Pas de lien évident dans cet intitulé et pourtant il résume en quelques mots le parcours scientifique de Gregory Barrière: d'une maîtrise en biologie cellulaire jusqu'à son post-doctorat dans le domaine des traumatismes médullaires.

Une interview à lire sur le site de l'Institut de Neuro-Sciences de Bordeaux.

Aïe ça pique…

Ce n'est pas l'état de santé de la population âgée qui coûte et qui coûtera cher à un système de santé, ce sont certains examens et autres dispositifs prescrits (entre autres nos séances de kinésithérapie) qui sont onéreux et qui n'apporteraient pas un bénéfice important à la qualité de vie et à l'état de santé de ces personnes

Voici en substance ce que relate cette synthèse médicale malheureusement très bien documentée. L'auteur va même jusqu'à écrire que ces dépenses superflues constitueraient une rente pour les industriels et les professionnels de santé.
On a déjà pu lire ou entendre l'avis de notre cher président et de son gouvernement sur cette question piquante mais vous qu'en pensez-vous?

Magouillages prescriptifs

Une nouvelle idée de génie de la part de la CNAM: celle-ci propose aux généralistes de toucher 5 à 7 euros par patient dont ils sont les médecins référants à la condition d'atteindre des objectifs en matière de prescription. Ce contrat constituerait une prime annuelle de 5000 euros par médecin!

Ce “contrat d'amélioration des pratiques individuelles” comprend des objectifs de prescription de médicaments et de vaccination, de dépistages (cancer du sein entre autres)…

Un investissement pour l'harmonisation des bonnes pratiques médicales?
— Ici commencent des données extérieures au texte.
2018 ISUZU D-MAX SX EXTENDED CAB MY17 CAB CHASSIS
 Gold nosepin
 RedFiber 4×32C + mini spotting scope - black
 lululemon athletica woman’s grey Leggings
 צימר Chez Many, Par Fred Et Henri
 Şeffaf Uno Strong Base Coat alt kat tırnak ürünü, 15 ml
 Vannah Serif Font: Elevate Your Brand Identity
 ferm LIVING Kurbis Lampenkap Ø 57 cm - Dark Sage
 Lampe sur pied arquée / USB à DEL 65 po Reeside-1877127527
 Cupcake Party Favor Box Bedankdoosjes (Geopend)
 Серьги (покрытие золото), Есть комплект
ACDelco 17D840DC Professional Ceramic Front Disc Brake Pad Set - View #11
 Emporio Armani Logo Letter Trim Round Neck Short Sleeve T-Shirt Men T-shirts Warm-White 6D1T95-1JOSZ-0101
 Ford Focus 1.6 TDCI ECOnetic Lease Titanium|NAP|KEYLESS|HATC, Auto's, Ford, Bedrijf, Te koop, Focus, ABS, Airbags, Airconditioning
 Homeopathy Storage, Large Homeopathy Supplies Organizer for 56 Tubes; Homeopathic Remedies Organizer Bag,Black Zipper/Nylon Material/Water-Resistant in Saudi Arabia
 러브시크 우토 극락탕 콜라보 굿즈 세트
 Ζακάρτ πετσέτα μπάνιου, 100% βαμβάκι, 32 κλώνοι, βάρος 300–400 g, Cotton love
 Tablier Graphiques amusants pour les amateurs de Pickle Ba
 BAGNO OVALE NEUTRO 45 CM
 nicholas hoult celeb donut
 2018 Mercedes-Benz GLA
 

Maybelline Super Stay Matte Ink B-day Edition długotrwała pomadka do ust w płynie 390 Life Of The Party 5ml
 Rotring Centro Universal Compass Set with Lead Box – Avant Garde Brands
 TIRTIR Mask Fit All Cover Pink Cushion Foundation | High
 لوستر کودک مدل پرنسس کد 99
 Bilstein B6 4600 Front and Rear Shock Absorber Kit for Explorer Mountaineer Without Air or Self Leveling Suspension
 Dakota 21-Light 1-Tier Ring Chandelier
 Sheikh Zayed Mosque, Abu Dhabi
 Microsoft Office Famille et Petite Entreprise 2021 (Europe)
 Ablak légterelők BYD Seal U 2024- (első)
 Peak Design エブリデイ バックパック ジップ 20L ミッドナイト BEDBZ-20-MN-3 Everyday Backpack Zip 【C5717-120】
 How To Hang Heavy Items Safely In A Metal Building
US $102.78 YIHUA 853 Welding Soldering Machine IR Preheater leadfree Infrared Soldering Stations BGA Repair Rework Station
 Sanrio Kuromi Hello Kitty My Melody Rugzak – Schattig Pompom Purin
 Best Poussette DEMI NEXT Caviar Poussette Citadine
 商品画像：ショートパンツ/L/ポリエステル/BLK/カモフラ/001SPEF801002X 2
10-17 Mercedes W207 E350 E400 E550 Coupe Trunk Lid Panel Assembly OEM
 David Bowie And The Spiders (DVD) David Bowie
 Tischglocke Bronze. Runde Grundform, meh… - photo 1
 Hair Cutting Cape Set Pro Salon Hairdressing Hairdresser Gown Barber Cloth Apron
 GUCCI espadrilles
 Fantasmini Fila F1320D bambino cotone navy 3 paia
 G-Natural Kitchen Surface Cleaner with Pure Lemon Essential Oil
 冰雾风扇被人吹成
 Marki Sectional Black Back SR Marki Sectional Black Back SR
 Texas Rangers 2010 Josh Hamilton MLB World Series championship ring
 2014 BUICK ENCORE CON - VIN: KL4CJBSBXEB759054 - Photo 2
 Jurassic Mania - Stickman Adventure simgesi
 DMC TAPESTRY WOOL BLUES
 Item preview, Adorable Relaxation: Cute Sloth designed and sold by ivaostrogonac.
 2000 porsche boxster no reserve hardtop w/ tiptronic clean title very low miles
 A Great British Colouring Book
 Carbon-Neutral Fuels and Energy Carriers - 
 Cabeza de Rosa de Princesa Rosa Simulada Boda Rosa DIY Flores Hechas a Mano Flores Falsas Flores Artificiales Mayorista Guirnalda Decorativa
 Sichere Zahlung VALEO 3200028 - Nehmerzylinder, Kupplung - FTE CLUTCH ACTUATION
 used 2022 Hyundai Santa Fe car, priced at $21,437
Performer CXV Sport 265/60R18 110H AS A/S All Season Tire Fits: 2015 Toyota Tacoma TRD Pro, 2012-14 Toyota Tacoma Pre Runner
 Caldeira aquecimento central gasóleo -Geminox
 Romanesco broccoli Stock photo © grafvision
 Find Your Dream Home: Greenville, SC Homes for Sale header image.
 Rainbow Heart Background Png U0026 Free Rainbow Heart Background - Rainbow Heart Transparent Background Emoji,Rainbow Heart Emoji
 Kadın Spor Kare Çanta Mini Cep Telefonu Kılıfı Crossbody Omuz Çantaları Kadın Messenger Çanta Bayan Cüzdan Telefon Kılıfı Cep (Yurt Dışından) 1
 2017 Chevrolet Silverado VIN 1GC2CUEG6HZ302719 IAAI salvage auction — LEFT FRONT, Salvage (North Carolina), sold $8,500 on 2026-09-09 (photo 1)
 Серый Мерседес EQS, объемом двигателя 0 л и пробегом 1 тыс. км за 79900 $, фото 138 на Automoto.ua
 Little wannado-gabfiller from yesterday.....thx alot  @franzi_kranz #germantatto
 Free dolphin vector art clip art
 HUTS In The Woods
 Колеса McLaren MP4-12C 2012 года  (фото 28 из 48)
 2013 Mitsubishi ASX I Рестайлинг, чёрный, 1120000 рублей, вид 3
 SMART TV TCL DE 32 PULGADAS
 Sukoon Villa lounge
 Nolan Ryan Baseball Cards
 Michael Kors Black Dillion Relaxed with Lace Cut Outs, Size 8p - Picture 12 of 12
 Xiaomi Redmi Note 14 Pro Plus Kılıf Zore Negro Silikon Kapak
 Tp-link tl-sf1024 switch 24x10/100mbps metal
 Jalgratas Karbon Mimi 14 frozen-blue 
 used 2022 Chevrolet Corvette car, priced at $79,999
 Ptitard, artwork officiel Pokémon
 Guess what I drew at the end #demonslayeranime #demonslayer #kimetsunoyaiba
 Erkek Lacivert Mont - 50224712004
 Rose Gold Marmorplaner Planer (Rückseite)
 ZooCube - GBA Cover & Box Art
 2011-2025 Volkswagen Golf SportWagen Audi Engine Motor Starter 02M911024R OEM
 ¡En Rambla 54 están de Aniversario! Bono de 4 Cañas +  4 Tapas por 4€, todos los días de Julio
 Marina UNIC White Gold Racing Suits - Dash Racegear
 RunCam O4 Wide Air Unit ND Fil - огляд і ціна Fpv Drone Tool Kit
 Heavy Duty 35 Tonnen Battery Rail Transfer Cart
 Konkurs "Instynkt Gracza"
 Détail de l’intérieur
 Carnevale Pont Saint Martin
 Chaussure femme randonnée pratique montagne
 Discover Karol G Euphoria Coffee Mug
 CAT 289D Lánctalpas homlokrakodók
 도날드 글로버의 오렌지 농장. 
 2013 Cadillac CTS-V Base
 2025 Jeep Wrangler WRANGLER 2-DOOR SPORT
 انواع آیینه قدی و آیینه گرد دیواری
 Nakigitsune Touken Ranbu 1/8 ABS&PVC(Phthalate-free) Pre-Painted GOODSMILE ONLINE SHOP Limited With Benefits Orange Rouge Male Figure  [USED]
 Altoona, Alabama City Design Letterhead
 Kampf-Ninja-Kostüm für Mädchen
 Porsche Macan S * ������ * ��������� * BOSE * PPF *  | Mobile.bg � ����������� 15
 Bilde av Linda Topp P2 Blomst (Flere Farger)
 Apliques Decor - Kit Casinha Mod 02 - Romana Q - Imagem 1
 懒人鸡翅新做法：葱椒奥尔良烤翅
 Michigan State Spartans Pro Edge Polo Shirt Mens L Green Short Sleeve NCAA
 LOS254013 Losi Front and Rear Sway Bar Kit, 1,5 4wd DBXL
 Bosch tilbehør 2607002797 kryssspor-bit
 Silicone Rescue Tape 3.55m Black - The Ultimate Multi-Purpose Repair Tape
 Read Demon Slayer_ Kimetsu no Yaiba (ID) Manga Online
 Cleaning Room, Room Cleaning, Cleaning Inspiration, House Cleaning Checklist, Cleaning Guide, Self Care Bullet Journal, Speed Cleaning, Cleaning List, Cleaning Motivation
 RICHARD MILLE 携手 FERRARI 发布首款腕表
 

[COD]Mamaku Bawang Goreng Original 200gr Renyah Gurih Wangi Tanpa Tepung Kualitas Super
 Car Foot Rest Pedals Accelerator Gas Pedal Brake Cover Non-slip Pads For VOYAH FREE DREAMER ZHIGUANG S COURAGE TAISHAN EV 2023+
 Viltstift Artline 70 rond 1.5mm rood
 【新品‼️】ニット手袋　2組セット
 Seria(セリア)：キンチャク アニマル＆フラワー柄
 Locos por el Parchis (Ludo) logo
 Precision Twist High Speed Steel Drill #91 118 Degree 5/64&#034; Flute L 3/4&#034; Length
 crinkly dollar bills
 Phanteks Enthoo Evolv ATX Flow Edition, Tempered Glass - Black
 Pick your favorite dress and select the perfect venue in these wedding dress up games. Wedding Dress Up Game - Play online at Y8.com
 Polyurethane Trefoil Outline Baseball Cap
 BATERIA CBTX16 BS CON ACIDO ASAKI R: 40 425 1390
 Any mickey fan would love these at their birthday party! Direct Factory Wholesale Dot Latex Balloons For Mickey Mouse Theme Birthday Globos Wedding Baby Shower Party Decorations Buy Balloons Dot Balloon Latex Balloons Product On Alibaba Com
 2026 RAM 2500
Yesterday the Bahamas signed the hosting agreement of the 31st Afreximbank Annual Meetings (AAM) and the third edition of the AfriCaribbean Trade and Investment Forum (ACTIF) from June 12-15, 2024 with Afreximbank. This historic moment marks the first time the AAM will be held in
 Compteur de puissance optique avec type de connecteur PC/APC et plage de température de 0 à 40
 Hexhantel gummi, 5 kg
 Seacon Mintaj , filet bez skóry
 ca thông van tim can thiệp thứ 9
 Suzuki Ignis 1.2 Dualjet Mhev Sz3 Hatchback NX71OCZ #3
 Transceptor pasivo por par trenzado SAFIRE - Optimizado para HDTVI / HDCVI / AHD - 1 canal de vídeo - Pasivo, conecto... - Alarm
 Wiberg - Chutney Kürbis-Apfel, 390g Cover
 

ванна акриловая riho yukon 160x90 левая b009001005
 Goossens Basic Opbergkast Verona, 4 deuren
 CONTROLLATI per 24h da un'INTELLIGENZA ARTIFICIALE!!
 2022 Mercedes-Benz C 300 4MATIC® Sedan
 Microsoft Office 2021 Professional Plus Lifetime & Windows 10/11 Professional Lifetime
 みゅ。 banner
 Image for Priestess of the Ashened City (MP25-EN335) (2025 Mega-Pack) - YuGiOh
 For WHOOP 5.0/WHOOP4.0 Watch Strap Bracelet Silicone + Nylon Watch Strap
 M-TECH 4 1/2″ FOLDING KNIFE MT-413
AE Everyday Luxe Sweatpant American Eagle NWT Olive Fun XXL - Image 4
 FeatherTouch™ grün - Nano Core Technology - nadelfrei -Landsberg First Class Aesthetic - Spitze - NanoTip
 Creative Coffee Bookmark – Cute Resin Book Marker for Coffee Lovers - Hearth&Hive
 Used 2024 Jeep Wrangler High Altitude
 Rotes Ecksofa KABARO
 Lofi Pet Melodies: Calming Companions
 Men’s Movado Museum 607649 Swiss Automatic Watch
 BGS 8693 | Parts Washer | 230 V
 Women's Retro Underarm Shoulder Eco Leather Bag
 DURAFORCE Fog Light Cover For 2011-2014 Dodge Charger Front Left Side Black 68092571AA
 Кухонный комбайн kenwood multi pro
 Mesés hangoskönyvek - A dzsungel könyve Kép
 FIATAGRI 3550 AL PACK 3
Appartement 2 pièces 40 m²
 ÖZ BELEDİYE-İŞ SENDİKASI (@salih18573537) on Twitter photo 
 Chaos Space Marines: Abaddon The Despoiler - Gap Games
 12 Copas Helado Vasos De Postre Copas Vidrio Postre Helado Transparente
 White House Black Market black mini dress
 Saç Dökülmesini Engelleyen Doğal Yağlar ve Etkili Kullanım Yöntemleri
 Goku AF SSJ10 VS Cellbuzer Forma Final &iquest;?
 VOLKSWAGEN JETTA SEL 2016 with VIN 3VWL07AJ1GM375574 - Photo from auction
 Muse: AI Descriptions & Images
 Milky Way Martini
Pourquoi pas.  Sûrement nécessaire et incitatif sur des thèmes sensibles tels que les dépassements d'honoraires ou les problèmes de répartition démographique par exemple.

Néanmoins les relations avec nos prescripteurs pourraient se compliquer très sensiblement car en plus de ce fameux contrat, une condition financière pour la revalorisation de la consultation de 22 à 23 euros a été posée par la CNAM: il s'agit, parmi d'autres secteurs, d' économiser 60 millions d'euros sur les dépenses relatives aux affections longue durée et 100 millions d'euros pour les actes en série comme nos soins en kinésithérapie.